The numbers behind the Warriors' home-road splits were staggering. They went 33-8 at home. Their defensive rating was 108.4 in San Francisco, third best in the NBA, but it ballooned to 118.3 on the road, third worst in the league.
Kerr, Curry and Green continuously said they just lacked focus and effort away from Chase Center. Fractured chemistry in the locker room, stemming from the preseason incident between Green and Poole, hovered over the team. Kerr said after the Los Angeles Lakers eliminated the Warriors from the playoffs that the team never fully recovered from the punch.
Golden State won't have to wait long to see if things have changed. This season, seven of its first 10 games are on the road, with four coming as part of a back-to-back set.
The Warriors are expected to be impacted, as their head of sports medicine Rick Celebrini has never shied away from sitting players. For the past two years, Celebrini has held Thompson out of one end of back-to-backs as he came back from ACL and Achilles injuries.
"I don't think [the new rules] will impact anything," Kerr said. "Injuries are a part of the game, and there are going to be games where guys are going to miss, but we plan on complying with the league's rules and giving NBA fans everywhere as much opportunity to see our guys as possible."
The Warriors have their 14th and 15th roster spots open heading into training camp. Over the past month, Golden State has hosted workouts for players including Dwight Howard, Kent Bazemore, Juan Toscano-Anderson, Dewayne Dedmon, Will Barton and Derrick Favors, a team source told ESPN.
The two-day visit from Howard caught a lot of attention, but team sources told ESPN that this was just another standard workout and part of their process, and there was not going to be any imminent deal with the eight-time All-Star and three-time Defensive Player of the Year.
That's not to say Golden State wouldn't mind adding another big to send at Western Conference superstars such as Nikola Jokic, Anthony Davis and Karl-Anthony Towns. Team sources told ESPN that another option would be adding a veteran wing.

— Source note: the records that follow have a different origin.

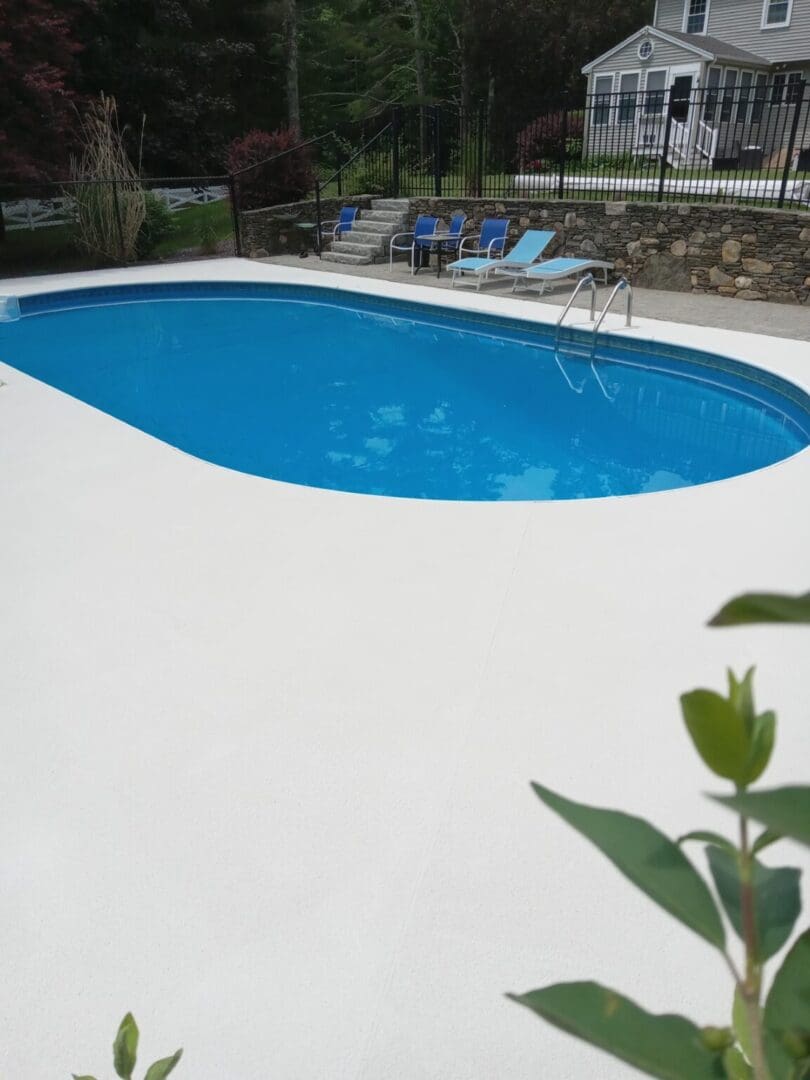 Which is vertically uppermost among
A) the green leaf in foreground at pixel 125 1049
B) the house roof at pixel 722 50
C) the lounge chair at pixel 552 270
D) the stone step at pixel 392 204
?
the house roof at pixel 722 50

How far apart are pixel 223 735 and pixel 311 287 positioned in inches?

"We have good versatility and optionality throughout the roster, so [there is] nothing that we absolutely have to do right now," Dunleavy said Monday. "We are bringing in a mix of different players that we think can do some different things, and we'll evaluate in camp."
Veteran reserve guard Rodney McGruder has signed a deal to compete at Golden State's training camp, a league source confirmed to ESPN.
Team sources told ESPN that the ideal fit is a "glue guy" who will not be a distraction in a locker room already juggling multiple strong personalities. Following the splintered chemistry and the blockbuster addition of Paul, it's clear Golden State wants to ensure stability behind the scenes this season.
When Myers stepped down as the Warriors' general manager in May, it forced the question: Is this the first of several dominoes to fall for the Golden State dynasty?
While Green's new four-year, $100 million extension has locked in one vital piece, Thompson and Kerr are entering the final year of their respective deals, setting up some massive decisions for Dunleavy.
"There's a desire to extend [and] make sure those guys are in the fold with the Golden State Warriors moving forward," Dunleavy said Monday. "I think they feel a little bit of the same. But we are optimistic, and I think we are in a good place there."
Earlier this month, ESPN's Ramona Shelburne reported on "The Lowe Post" podcast that conversations between Thompson's camp and the Warriors have already begun, but it's expected to be a slow process. In April, ESPN's Adrian Wojnarowski reported that Thompson, who is eligible to extend for up to four years, $223 million, expects a max-level contract.
Any new deal for Kerr would be a massive payday. Earlier this summer, San Antonio Spurs coach Greg Popovich signed a five-year deal worth more than $80 million, and Monty Williams agreed to a six-year, $78.5 million deal to join the Detroit Pistons.
"I feel great about my position here. I want to be here. I know Mike and [Warriors owner] Joe [Lacob] want me here, and so I'm very confident something will get done," Kerr said Monday.